Для этой работы были сформированы новые группы, которые иногда тоже называли себя «красными охранниками», но больше известные как «бунтари» (цзаофани), так как выступали против собственных руководителей. Кроме того, цзаофанями в основном были взрослые люди. Первые группы хунвейбинов, состоявшие большей частью из подростков, теперь распались, так как создавали их дети высокопоставленных чиновников, тоже превратившихся теперь в объект преследования. Подростков-хунвейбинов Мао использовал, чтобы внушить ужас всему обществу. Теперь он двинулся на своих настоящих врагов — партийных чиновников, для; чего воспользовался более массовой и взрослой силой.
Цзаофани при откровенной поддержке Мао начали обвинять своих начальников в настенных дацзыбао и на шумных митингах. Но те, кто надеялся на ослабление диктаторского режима в партии, быстро поняли, что просчитались. Те, кто пытался получить доступ к своим досье (а у режима такие досье были на каждого) или оправдать подвергнутых партийному наказанию, сразу наткнулись на непреодолимые препятствия. В распоряжениях, поступающих из Пекина, указывалось, что партийное правление не должно было ослабевать, хотя на партийных чиновников велась широкая атака. Жертвам прошлых кампаний запретили вступать в организации цзаофаней.
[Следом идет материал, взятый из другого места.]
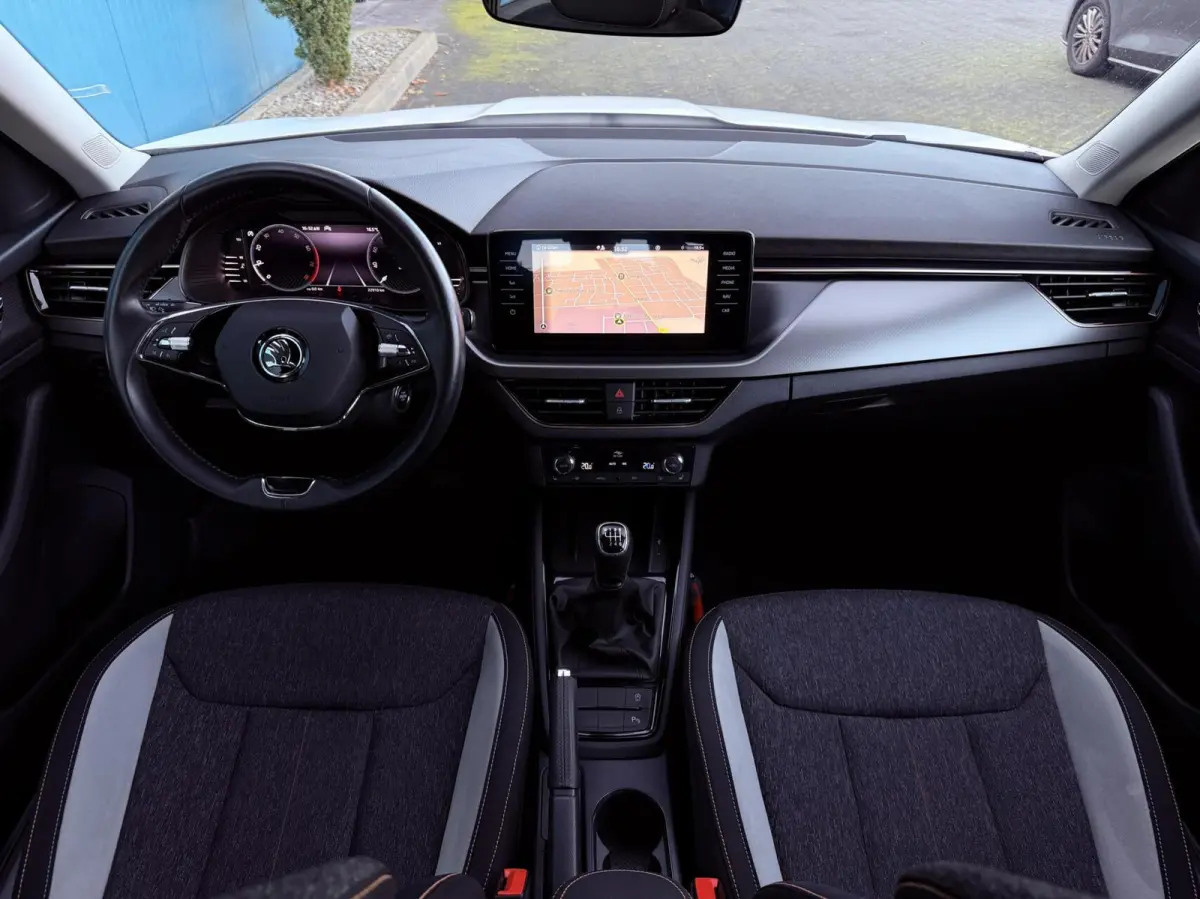 1.0 TSI Business Edition 22DKM!! | CARPLAY | CAM | NAV | PDC | LED | DIGI.DASH | STOELVERW. 1'EIG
Через несколько месяцев, которые потребовались на «разбег», в январе 1967 года Мао призвал цзаофаней «отобрать власть» у партийных боссов. Мао не делал различия между недовольными функционерами и теми, кто был ему полностью предан и не колебался даже во время голода. На самом деле у него не было способа отличить одних от других. Поэтому он решил сначала всех устранить, а затем поручить новым функционерам провести расследование. Населению сообщили, что партия с самого начала установления коммунистического режима находилась в руках негодяев («черной линии»). Никто не осмелился спросить: «Тогда почему власть должна оставаться в руках партии?» или «Где был Мао все эти семнадцать лет?». Это показывает, как глубоко укоренился страх в сердцах людей.
Главной задачей цзаофаней было избиение партийных кадров, о чем Мао мечтал многие годы. Некоторые цзаофани ненавидели своих партийных руководителей и были рады возможности отомстить. Другие жаждали власти и понимали, что единственный путь подняться — это быть безжалостными по отношению к «идущим по капиталистическому пути». Кроме того, было много «обычных» головорезов и садистов.
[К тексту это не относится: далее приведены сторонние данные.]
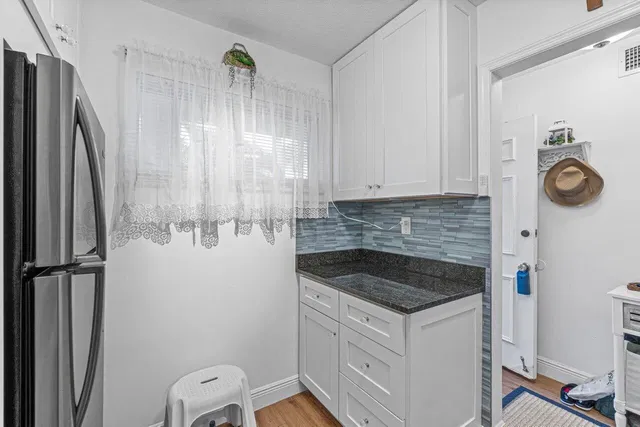 Unit 211 photo 6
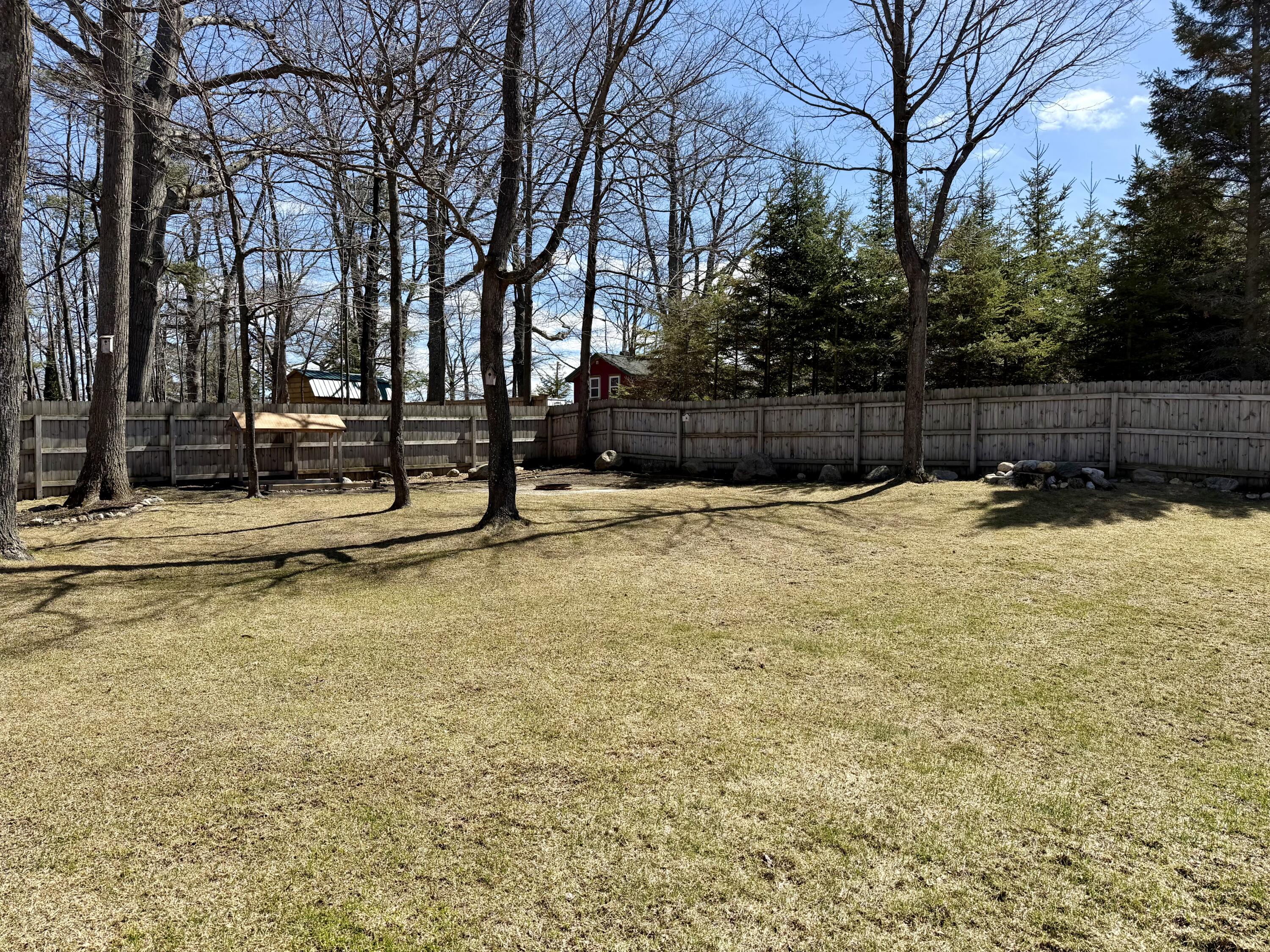 415 W Etherington Street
Сталин проводил свои чистки при помощи элитной службы КГБ. Ее сотрудники быстро уволакивали свои жертвы с глаз долой — в тюрьму, ГУЛАГ или на смерть. Мао же сделал так, чтобы большая часть репрессий происходила публично. Он заставил работников мучить и пытать своих непосредственных руководителей, что резко увеличило число палачей.
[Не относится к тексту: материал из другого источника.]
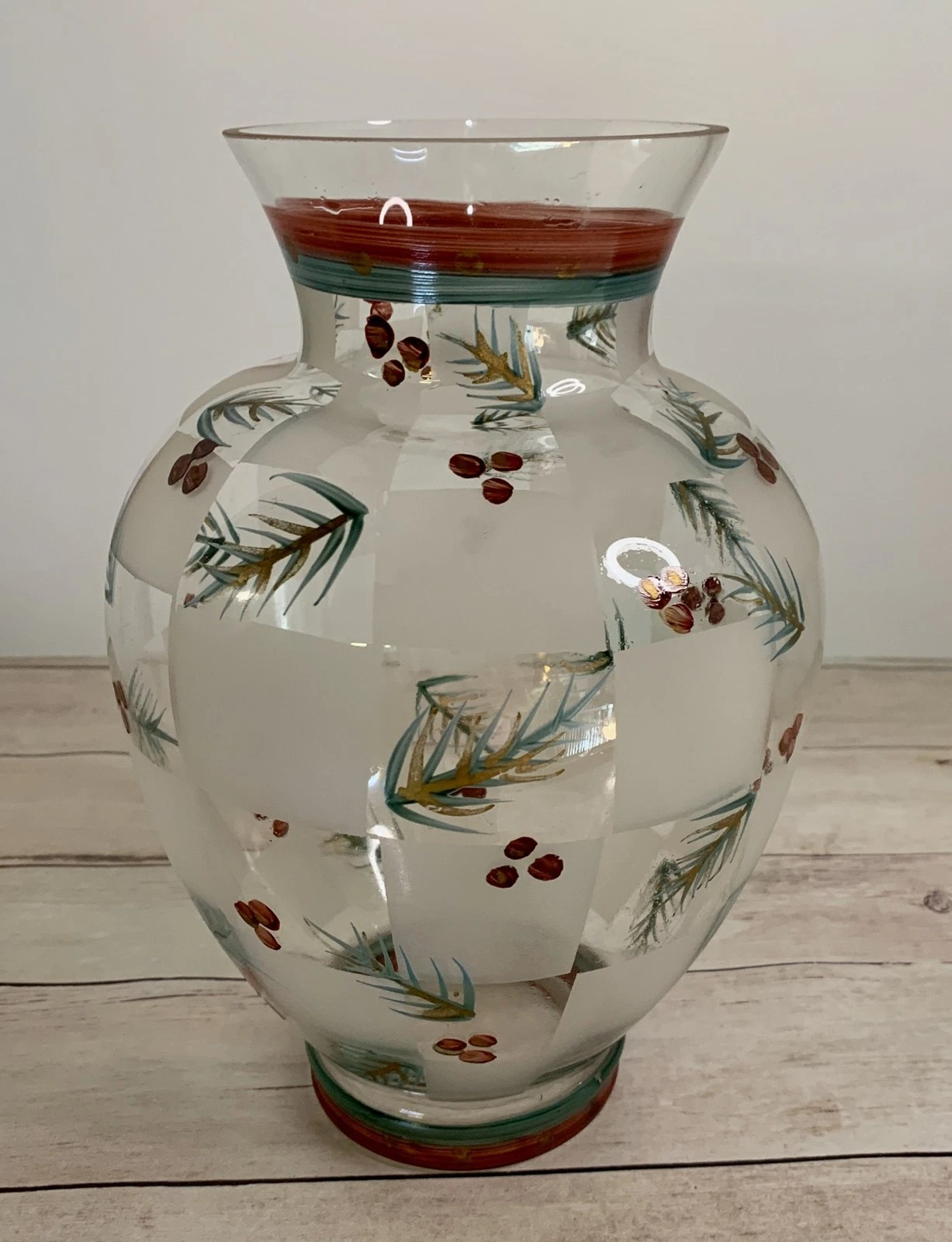 WINTER SCENE Glass Vase Pinecone and Greenery Berries Theme Frosted and Clear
Одному британскому инженеру, работавшему в 1967 году в Ланьчжоу, довелось лишь мельком столкнуться с подлинной жизнью Китая в отдаленном уголке северо-запада. Через два дня после одного официального обеда он вдруг увидел висящий на фонаре труп. Это оказался хозяин, недавно принимавший его у себя. Чуть позже он увидел, как двух человек намеренно оглушали с помощью мегафонов — до такой степени, что они потеряли сознание. «Это делается для того, чтобы они не могли больше слышать реакционных речей», — объяснил ему сопровождающий.